## Work to complete:
Beginning with the line that holds "ACCBFA150906FBD2D15645806F586408", write out each line exactly as it stands until the end of the data, and include no pictures.

## Data shown:
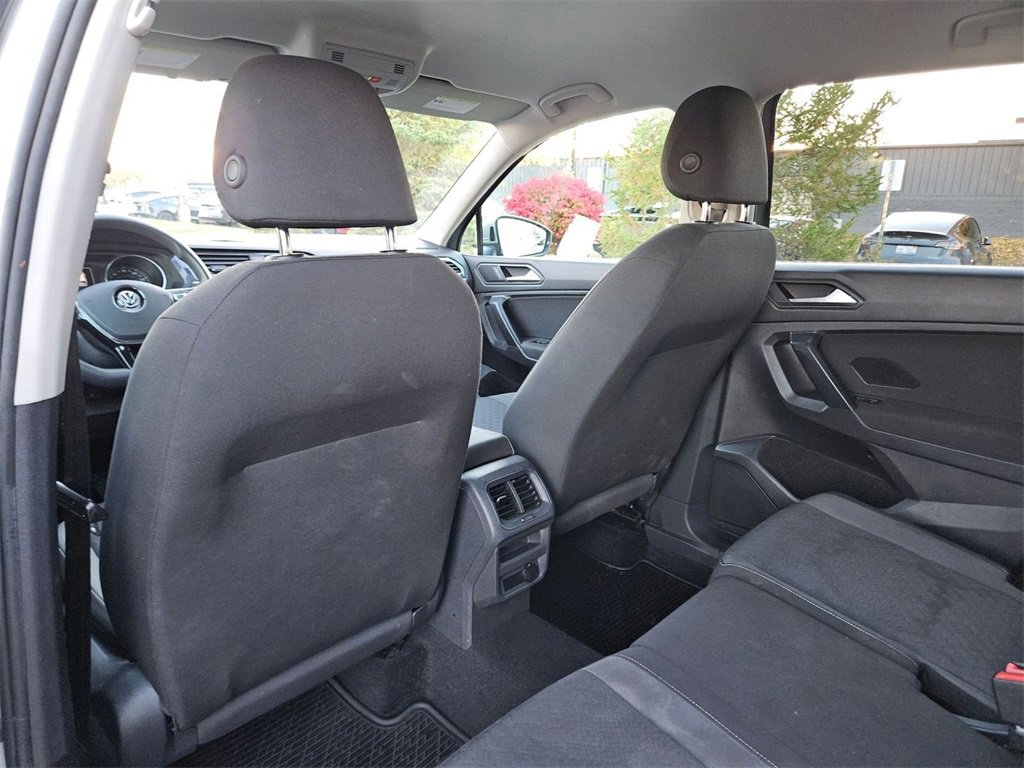 Used 2021 Volkswagen Tiguan S image 27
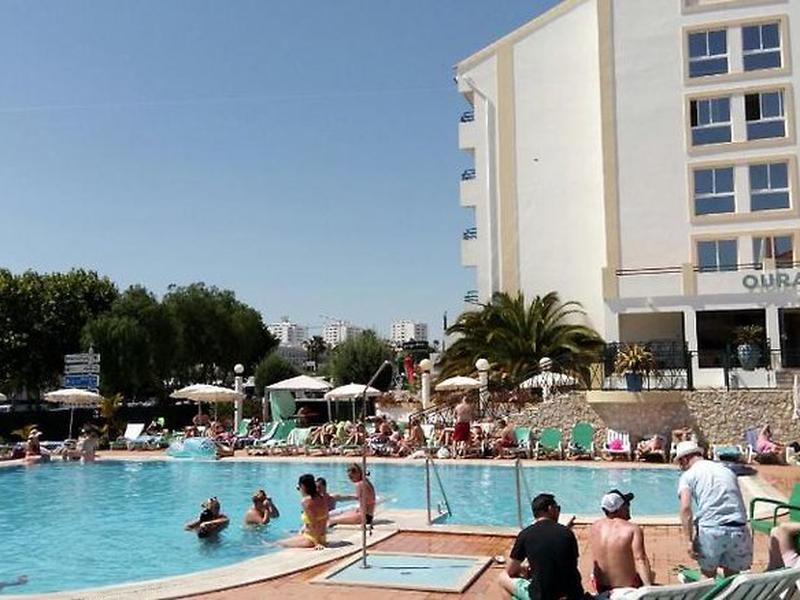 ACCBFA150906FBD2D15645806F586408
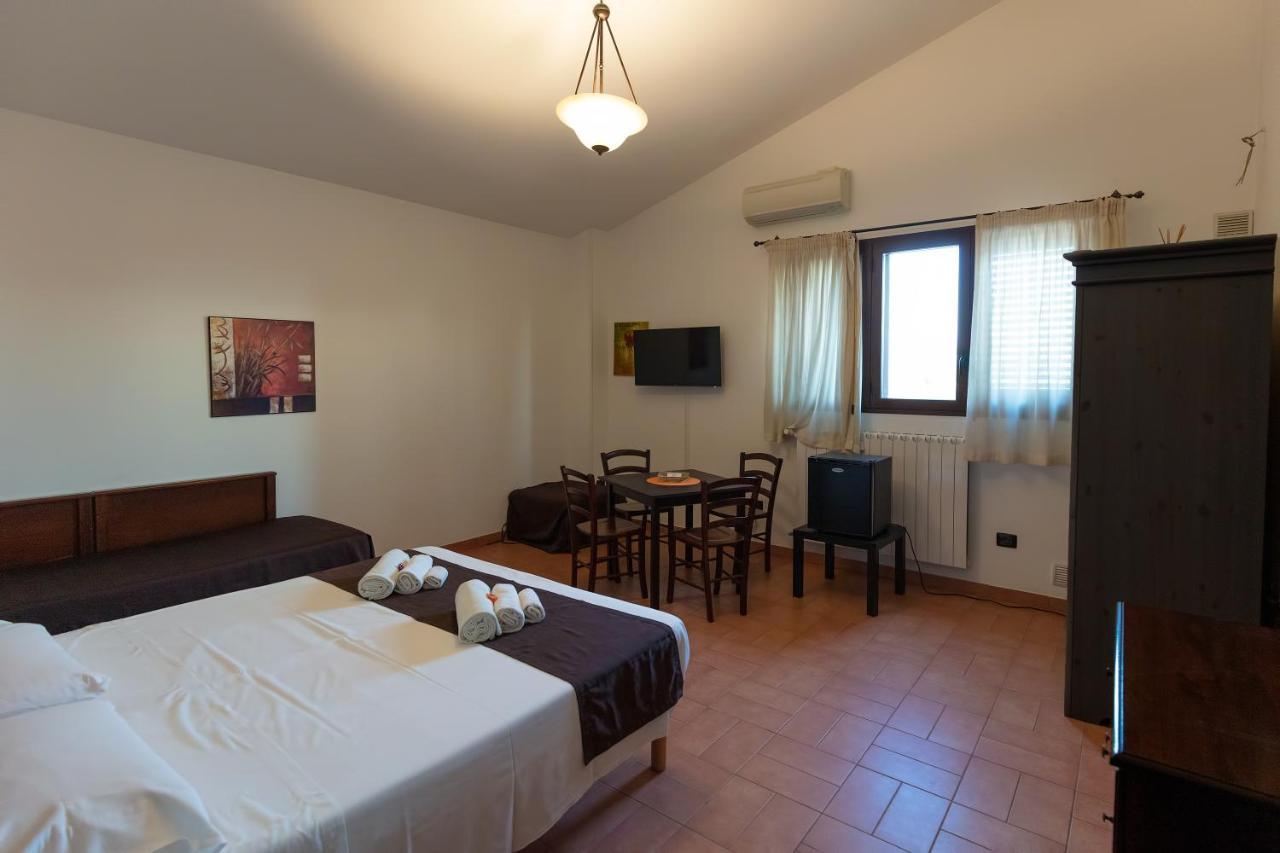 Bed & Breakfast Giardini Di Marzo Лечче Экстерьер фото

## Task output:
 ACCBFA150906FBD2D15645806F586408
 Bed & Breakfast Giardini Di Marzo Лечче Экстерьер фото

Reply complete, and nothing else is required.